Steve Dunn , Feb 04, 2005; 10:52 a.m.

If the choice is you or no photographer, then by all means do it. Just make sure it is crystal clear to them that you are inexperienced and have not shot a wedding before and that while you will try your best, you can't promise anything.

A rental 550EX would do the job very nicely.

Suggested reading: The EOS flash bible - there is way too much information here to absorb in one sitting, but make sure you read the FAQ at the start and skim through the rest. You can ignore anything dealing with TTL or A-TTL, as your equipment doesn't support these modes; read everything which mentions E-TTL II, which is what you have, and it would also be useful to look at the information on E-TTL, on which E-TTL II is based.

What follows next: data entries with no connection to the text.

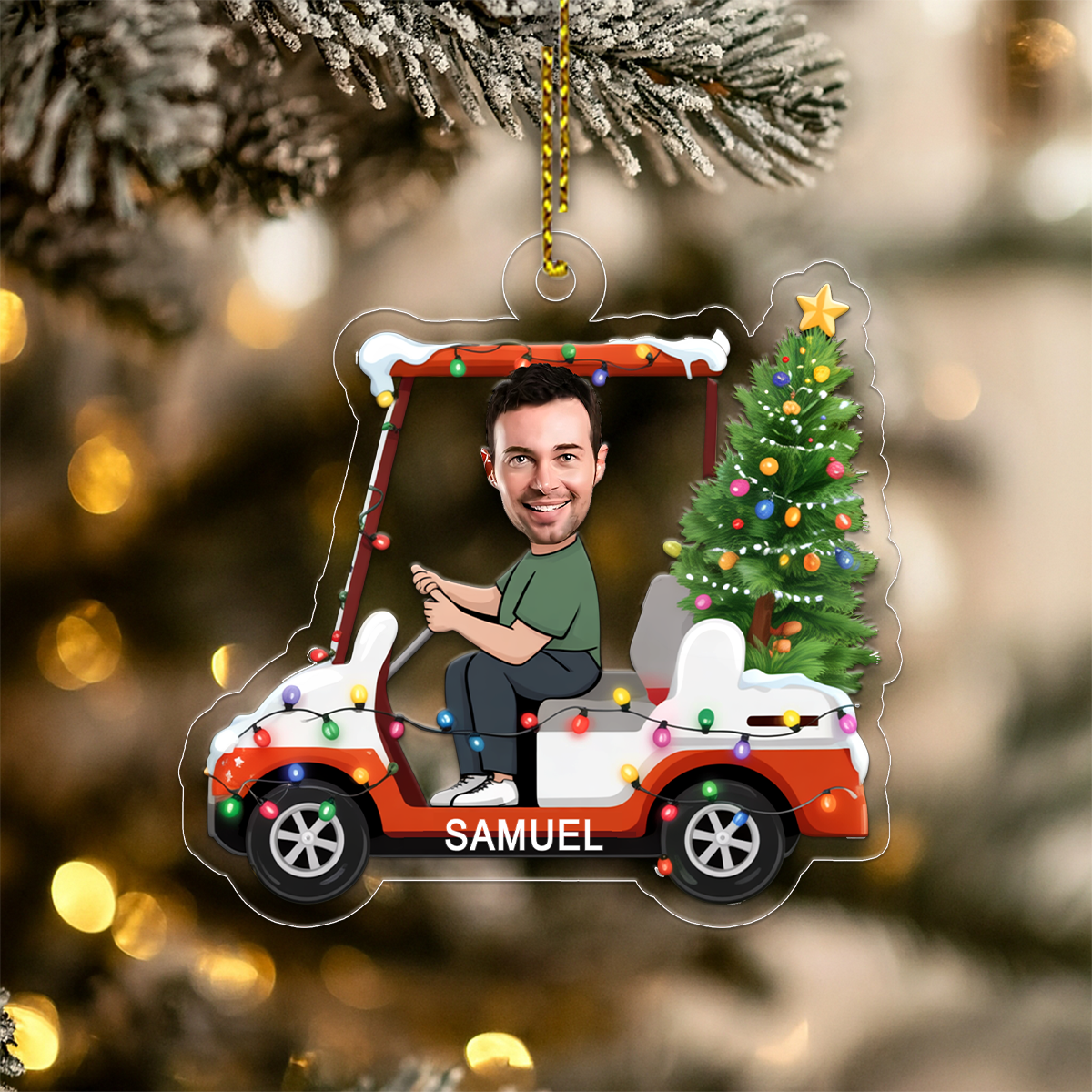 Custom Photo Golf Cart Xmas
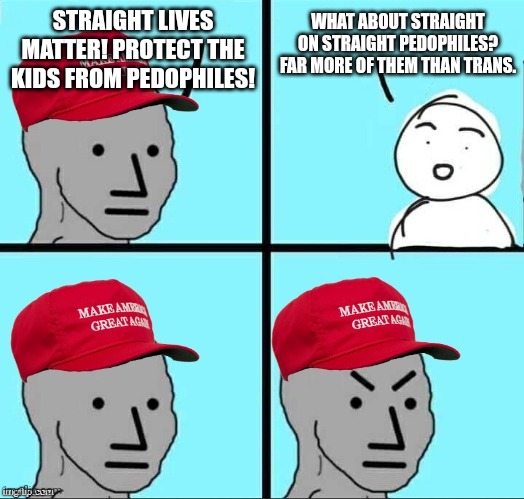 If we are going to be doing this reversal ... let's do it "right" | WHAT ABOUT STRAIGHT ON STRAIGHT PEDOPHILES? FAR MORE OF THEM THAN TRANS. STRAIGHT LIVES MATTER! PROTECT THE KIDS FROM PEDOPHILES! | image tagged in maga npc an an0nym0us template,transgender,straight,pedophiles,republican,logic | made w/ Imgflip meme maker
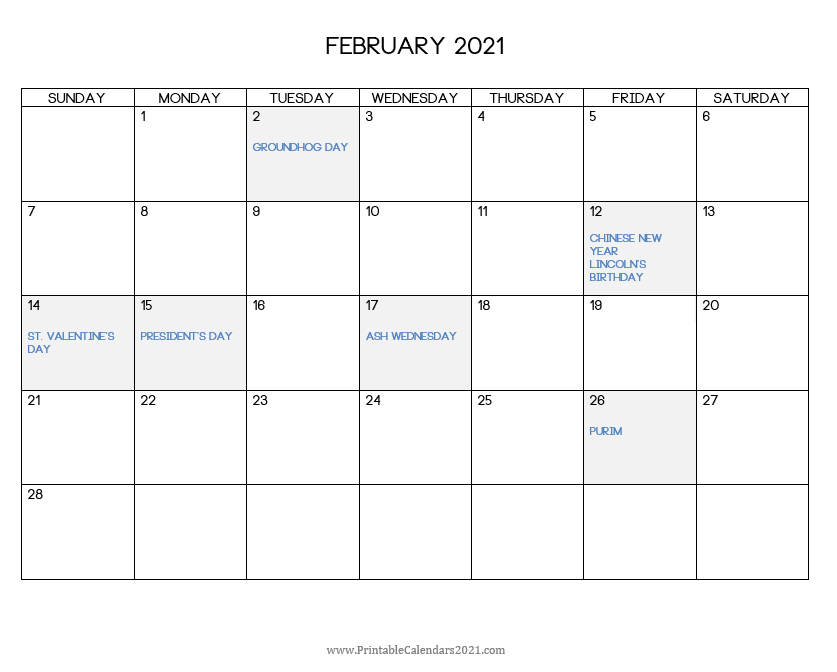 2021 Print Free Calendars Without Downloading | Calendar-Fill In Calaendar For 2021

If the setting is one where bounce flash is appropriate (a ceiling which is white, and not so high that the flash unit can't provide enough light), consider using bounce flash. You'll tend to get softer, more natural lighting, as opposed to the traditional deer-in-the-headlights look of direct flash.

F.J. Sarmiento , Feb 04, 2005; 10:54 a.m.

Kristen, I just read your latest post... understood. Rent the 420EX or the 550EX, it's up to you. Bounce when you can. Have a blast and make sure to look for those out of the ordinary perspectives that really capture the intimate moments. I wish I had your opportunity! I'd love to shoot a wedding to gain more experience.